§ **What to do**
Without pictures, repeat the lines of the entries from the one containing "Toyota AURIS 2016-08 8334980-18" through the last, both ends included, and nothing else.

§ **Given data**
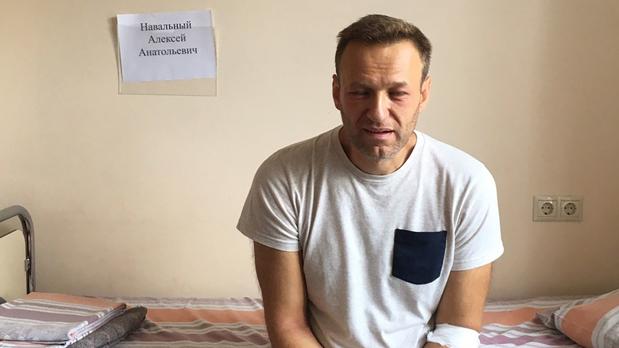 El líder opositor ruso, Alexei Navalni, este lunes en el hospital moscovita en el que fue ingresado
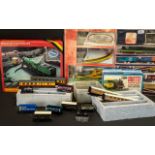 OO Gauge Interest To Include A Lima Railway Train Set ''Container Unloader'' In Original Box, Hornby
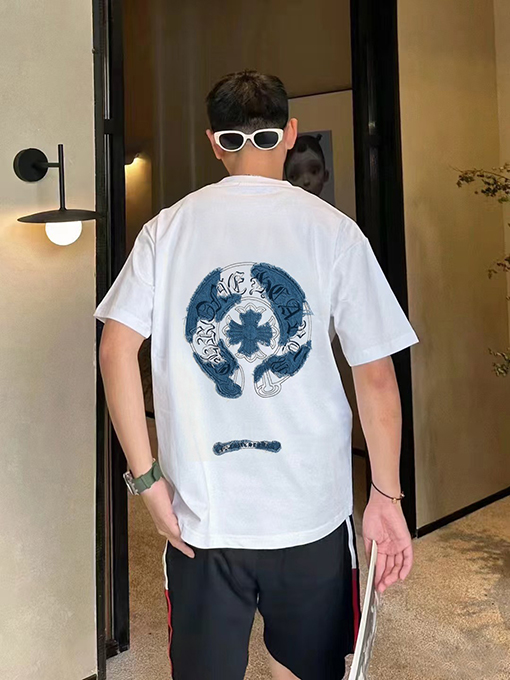 クロムハーツコピー デニムパッチウォッシュのクロスと蹄鉄の花柄半袖Tシャツ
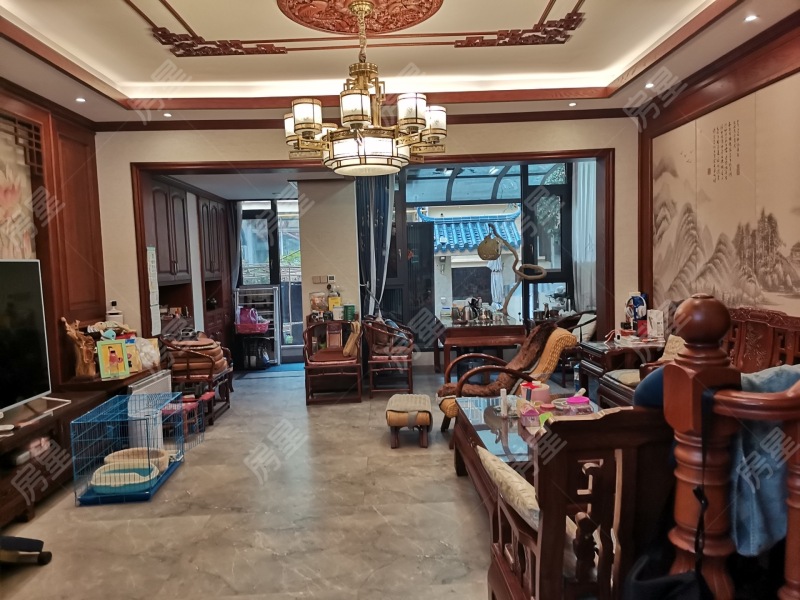 5室2廳2陽(yáng)臺(tái) 加州楓景別墅客廳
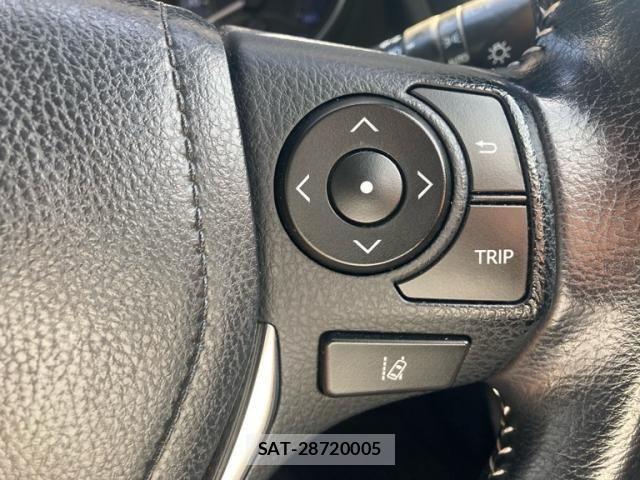 Toyota AURIS 2016-08 8334980-18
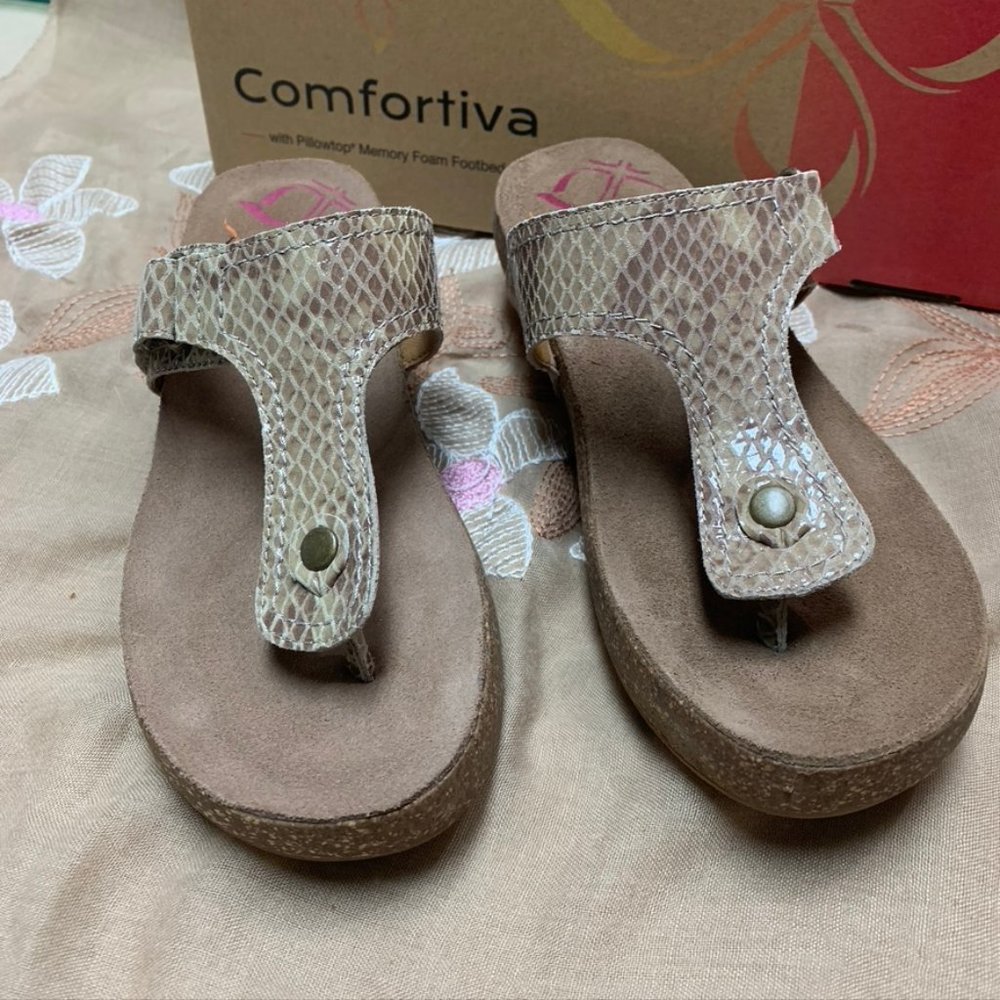 Comfortiva Shantel Sandal in Lt. Grey - NWT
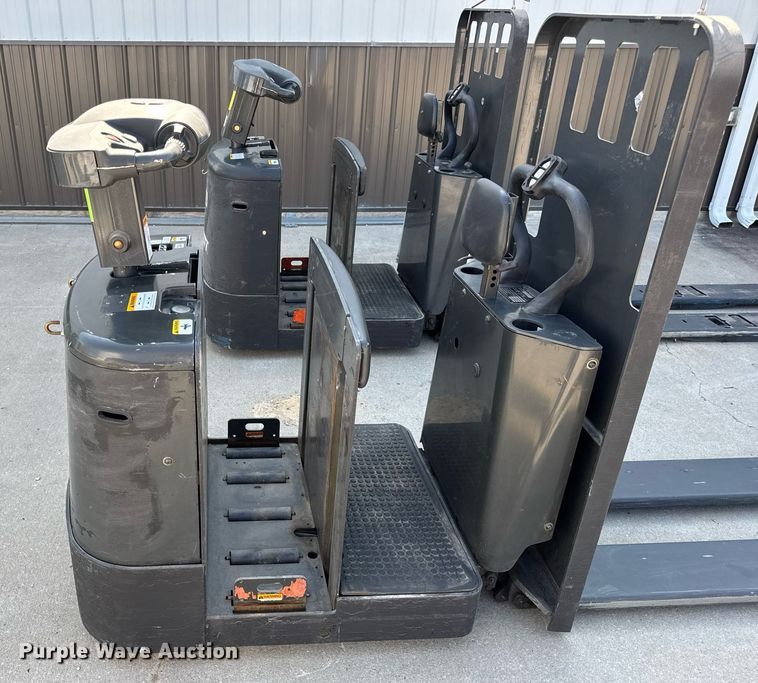 image for item EN4576 UniCarriers SPXT2W3G80BV pallet jack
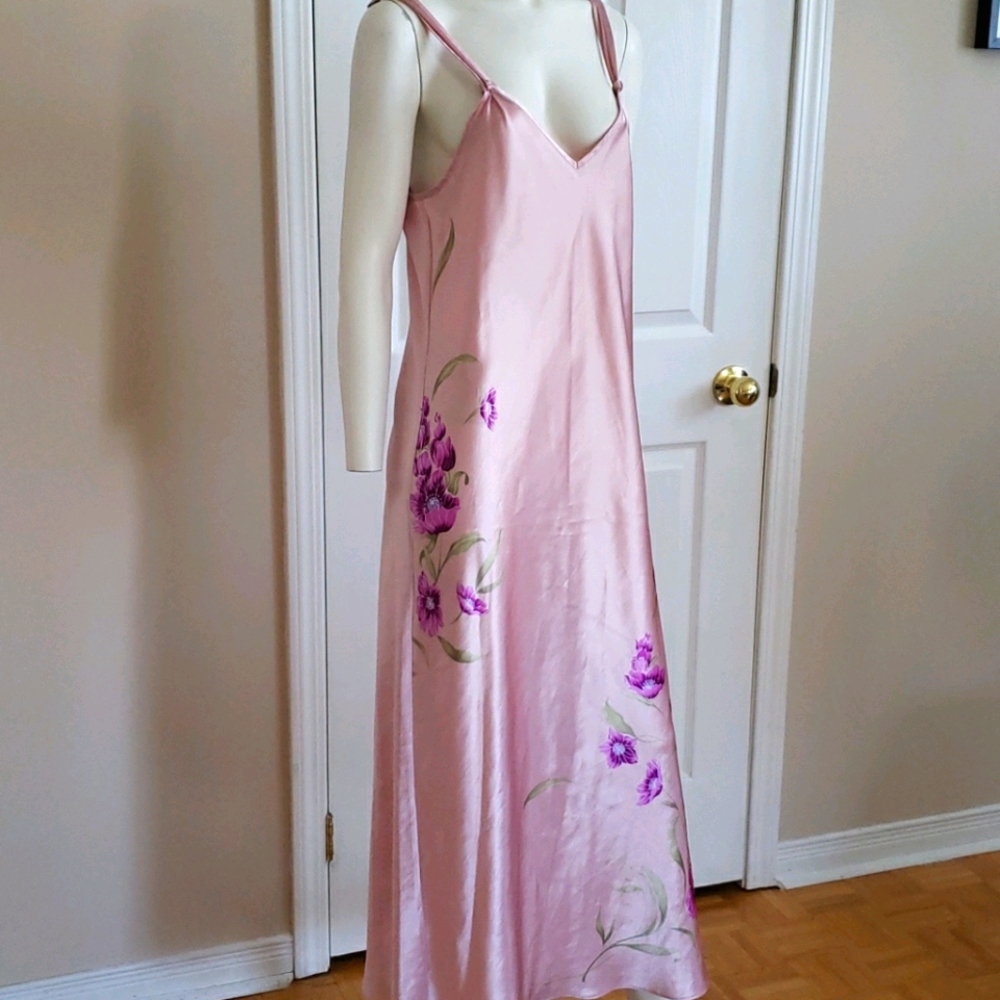 Valerie Stevens night gown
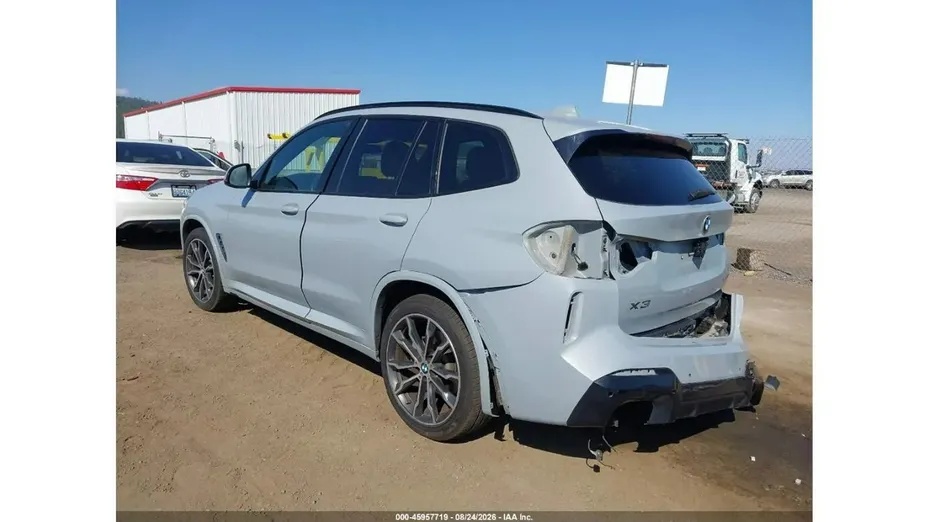 BMW X3 -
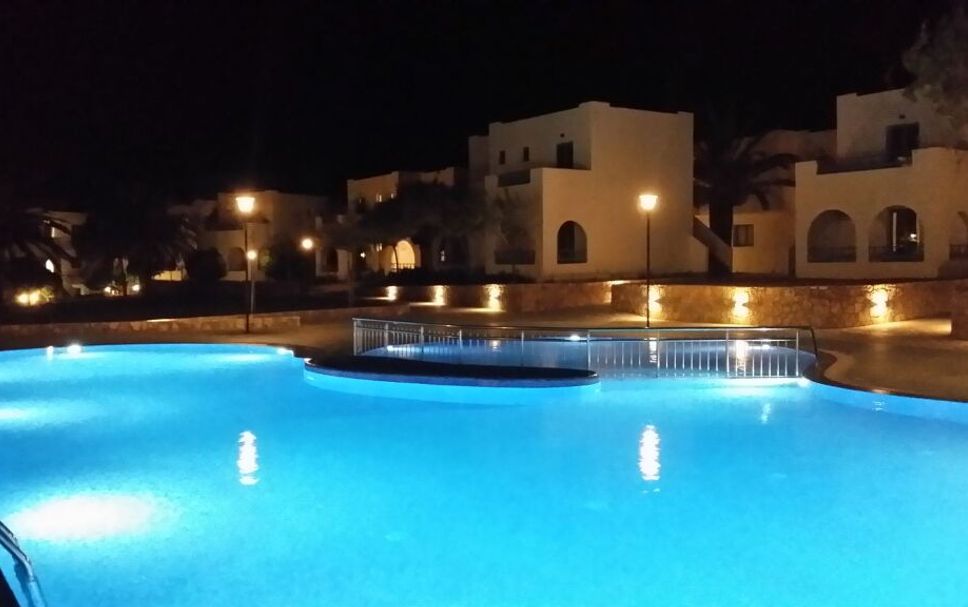 สระว่ายน้ำ รูปภาพ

§ **Solved exercise**
 Toyota AURIS 2016-08 8334980-18
 Comfortiva Shantel Sandal in Lt. Grey - NWT
 image for item EN4576 UniCarriers SPXT2W3G80BV pallet jack
 Valerie Stevens night gown
 BMW X3 -
 สระว่ายน้ำ รูปภาพ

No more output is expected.